July 1946: A tapeworm. (Photo by Sam Shere/Time & Life Pictures/Getty Images)
DES MOINES, Ia. -- People will do almost anything to lose weight. Just ask an Iowa woman, who apparently thought that ingesting a live tapeworm would be a good diet aid.
That patient told her doctor that she had purchased a tapeworm on the Internet and swallowed it. The physician called the Iowa Department of Public Health to ask what to do for her. The department's medical director, Dr. Patricia Quinlisk, advised an anti-worm medication.
Quinlisk recounted the incident Thursday in a weekly e-mail to public health workers around the state. She noted that websites have been selling tapeworms as a weight-loss tool and warned against the practice.
"Ingesting tapeworms is extremely risky and can cause a wide range of undesirable side effects, including rare deaths," she wrote. "Those desiring to lose weight are advised to stick with proven weight loss methods - consuming fewer calories and increasing physical activity."
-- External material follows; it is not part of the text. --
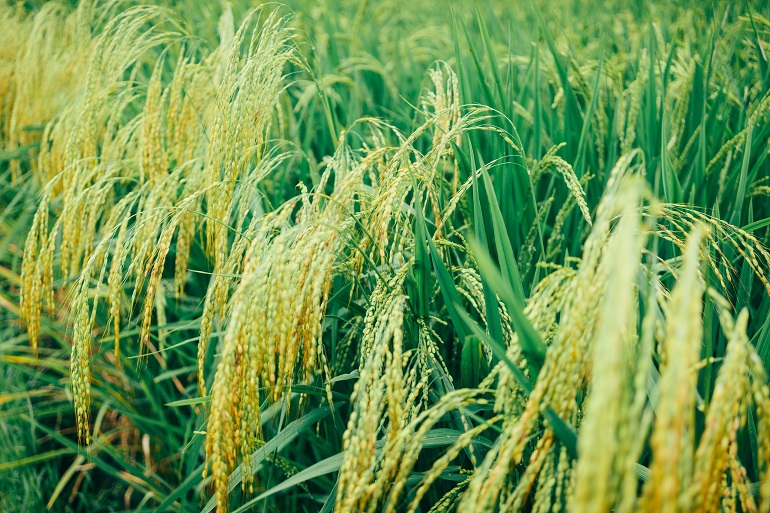 Raccolta del riso, resa per ettaro e stoccaggio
Tapeworms are parasites that can live in the intestines of animals and humans. They can be ingested accidentally in undercooked meat. Two tapeworm species usually have mild symptoms - abdominal pain, loss of appetite, upset stomach and diarrhea - but infections from a pork tapeworm, Taenia solium, can cause seizures, so it's important to seek treatment, according to the Centers for Disease Control and Prevention.
One tapeworm can't absorb enough food and nutrients to make a big difference in weight, according to scientific research. But the parasite can cause anemia and malnutrition.
Another problem: One tapeworm can grow up to 30 feet long. And because a tapeworm has both male and female reproductive systems, a woman who starts out with one worm could be spreading a bunch of fertilized worm eggs every time she goes to the bathroom.
A century ago, hucksters often sold tapeworm eggs in pill form as a weight-loss aid, Quinlisk said.